How to Create a Single Batch Job
- Create a Shell Script for Your Job
- Make the Script Executable
- Submit Your Job to the Queue
- Check the Status of Your Jobs
- Delete a Job
- Where is the Output?
- Submit Multiple Jobs
Hardin and seldon (the interactive computers to which you connect using SSH) are not the computational workhorses of the cluster. The main computing power of the cluster lies in the additional 100 processors which are available to programs submitted to the batch queues. These instructions will show you how your programs can use that power.
The job queue is like a valet:
- You give it brief instuctions (a shell script) telling what program to run.
-
- It waits until one of the batch cluster processors is free,
- — runs the program on that processor until it is finished,
- — writes out errors and output from your programs,
- — sends you email notifications at start and finish, if you wish.
Up to 20 of your jobs can be executing at a time, when resources are available. Each job will have exclusive use of one processor and up to 512MB of memory unless you specify otherwise.

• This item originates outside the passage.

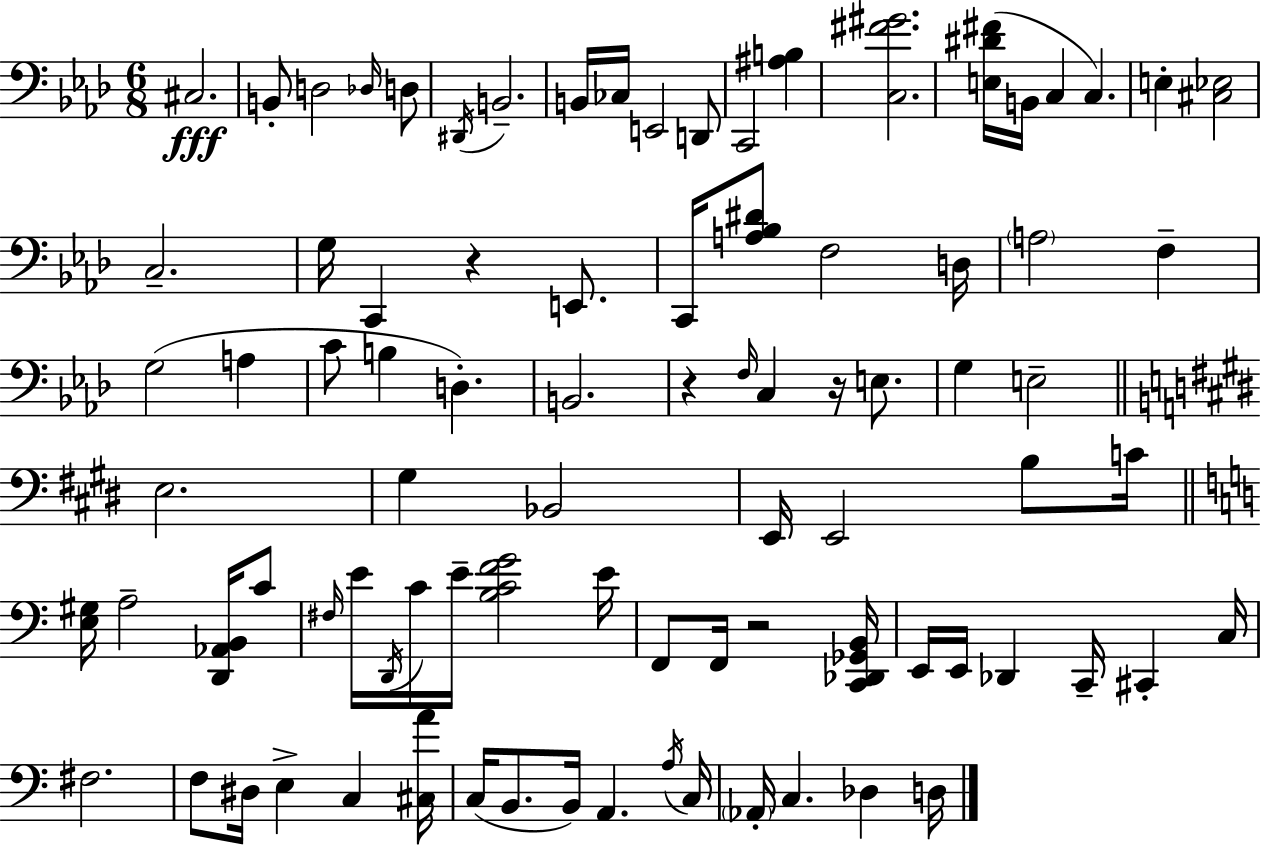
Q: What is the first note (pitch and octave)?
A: C#3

Design your jobs to be rerun. Do not change the files your job will be using before the job finishes. Batch jobs may be rerun for a variety of reasons -- priority decisions, node failure, or administrative maintenance.
Jobs in an execution queue will be preempted (either suspended -- temporarily stopped from execution, or actually terminated -- ending the job and putting it back into the input queue) by the scheduler if more than 4 of your jobs are running at one time and another job becomes more deserving for execution as determined by a fairshare algorithm. Of the jobs eligible to be preempted, the job having used the least amount of CPU time will be selected.
Preempted jobs gain priority over time, and they will be put into execution again, possibly preempting others' jobs.
You can improve the thruput of your jobs, and possibly avoid preemption, if you limit the maximum amount of CPU time your job will use by specifying that limit when you submit the job. The scheduler will factor this limit into the fairshare decision-making process. If you do not specify a CPU time limit and a wall clock time limit, the scheduler will assume your job will run for one month.
Create a Shell Script for Your Job
A shell script is a set of instructions that the cluster node needs to find and run your program. It's a simple text file (usually with a .txt extension). You can create it with thenano editor on an interactive system such as hardin, seldon or mule2.
To create a shell script called myprog.txt, type nano myprog.txt at the $ prompt:
[abc123@seldon abc123]$ nano myprog.txtWhen you are finished editing, press
<Ctrl>-X to exit the nano editor and Y to save the changes.
To run one program you need a nine-line shell script like this:
#!/bin/bash
#PBS -j oe
#PBS -l cput=08:00:00
#PBS -l walltime=08:00:00
#PBS -l mem=512mb
#PBS -l ncpus=1
cd ~/myprograms
matlab -r 'myprog'
The first line #!/bin/bash specifies which shell program to use, is mandatory and does not change.
The second line #PBS -j oe tells PBS to join standard output and standard error together in the output file that is delivered back to the submitting directory. Note that there is a space between the join option ( -j ) and its values ( oe ).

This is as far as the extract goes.